Qual’ è il criterio di scelta per il dentro o il fuori? Questo è il centro del discorso, cioè di tutti e tre i racconti assieme. È un messaggio tanto importante che Gesù ce lo ripete ben 4 volte per essere sicuri che lo capiamo bene. “Avevo fame e mi avete dato da mangiare, ecc.” : la carità.
Colui che parla è il re seduto in trono, ma sappiamo bene che per Gesù il trono della sua gloria è la Croce, quello è il momento il cui il Padre lo glorifica, quello su cui Pilato ha fatto scrivere “il Re dei Giudei”, e di cui lui stesso aveva detto “Quando sarò elevato da terra attirerò tutti a me”. Ebbene il criterio di giudizio di Gesù è questo: siate miei imitatori, io ho dato tutto per voi, voi cercate almeno di dare un po’ per gli altri che sono il luogo in cui io vivo, il luogo in cui voi mi dovete incontrare.
Facciamo quindi attenzione ad alcuni dettagli di questa carità:
1- Non si parla di quantità. Non chiede quanti poveri hai aiutato, neppure quanti soldi hai dato, non ci chiede cioè di essere perfetti nella nostra vita.  Qui riferisce di cose piccole, un bicchiere di acqua, un vestito, una visita in carcere o all’ospedale, cose possibili a chiunque, anche al più povero. Quindi non si tratta di concentrarsi sul fare ma si avere un’attitudine di vita semplice, di vivere come Cristo vivrebbe in quel momento.
2- Non si chiede nemmeno se la persona che riceve il nostro dono lo meriti o no, se essa sia legata o no al donatore da amicizia o parentela. “E loro chiederanno: Quando mai ti abbiamo visto?”  Quindi si parla di carità gratuita.

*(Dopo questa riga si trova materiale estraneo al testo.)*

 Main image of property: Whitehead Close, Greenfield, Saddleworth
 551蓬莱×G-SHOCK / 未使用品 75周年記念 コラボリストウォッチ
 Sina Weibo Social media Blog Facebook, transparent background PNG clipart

Ci troviamo ancora una volta di fronte al paradosso del messaggio cristiano che va contro ogni logica umana e ad ogni calcolo di efficienza e profitto. Non c’è scritto da nessuna parte nel vangelo che una  struttura come il Policlinico Gemelli sia automaticamente migliore del piccolo centro caritas che avete in parrocchia. È vero che di là passano più persone che dal vostro centro, ma questo, da solo non è un indice di carità. Non sta a me decidere i frutti dell’amore, lui porta frutti dove noi nemmeno pensiamo e raggiunge persone che noi nemmeno immaginiamo. L’importante è che io stia vivendo come ha vissuto Gesù, anche se nel mio piccolo, in un modo molto limitato.

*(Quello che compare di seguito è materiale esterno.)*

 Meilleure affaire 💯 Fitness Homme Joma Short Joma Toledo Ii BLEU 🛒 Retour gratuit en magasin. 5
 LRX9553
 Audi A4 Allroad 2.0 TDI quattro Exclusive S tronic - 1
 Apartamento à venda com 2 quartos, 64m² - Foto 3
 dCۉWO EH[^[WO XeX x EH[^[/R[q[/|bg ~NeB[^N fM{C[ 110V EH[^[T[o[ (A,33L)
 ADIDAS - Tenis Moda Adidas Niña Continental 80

C’è una grossa tentazione tra i cristiani che si chiama la “sindrome del Salvatore”. Essa corrisponde, in campo civile, alla “sindrome di onnipotenza”, cioè il pensare che devo fare tutto io e che quello che non faccio o di cui non vedo direttamente i risultati non lo può fare nessuno. Il Signore è l’unico Salvatore del mondo e l’unico che conosce per ognuno qual è il modo migliore per salvarlo, noi siamo piccoli strumenti e lui a noi chiede i piccoli gesti di ogni giorno, ma da tutti noi: nessuno è esentato dall’amare perché non esiste regno di Dio senza amore.
Il segreto dell’amore vero non è tanto nel successo delle nostre opere ma nel fatto che amando ci rendiamo simili a Dio, strumento nelle sue mani e questa è anche la nostra ricompensa.
Lasciamoci coinvolgere dalla logica dell’amore.
Un'ultima curiosità. Dopo queso brano inizia subito il racconto della Passione di Gesù, si conclude cioè la narrazione della vita pubblica di Gesù che era iniziata con le beatitudini dove affamati, assetati, perseguitati, poveri erano proclamati beati, qui gli stessi diventano la chiave perché anche noi entriamo nella beatitudine. Mt 1-4 racconti dell'infanzia, Gesù entra nella storia da perseguitato, povero, rigettato esiliato. Poi si dice beati i poveri ecc. Mt 25 I poveri fanno entrare nel regno  dei cieli e poi Gesù diventa di nuovo il povero perseguitato.
La chiave di lettura della vita di Gesù e la chiave del Regno di Dio sta nella povertà, sia che la viviamo di persona, sia che la soccorriamo.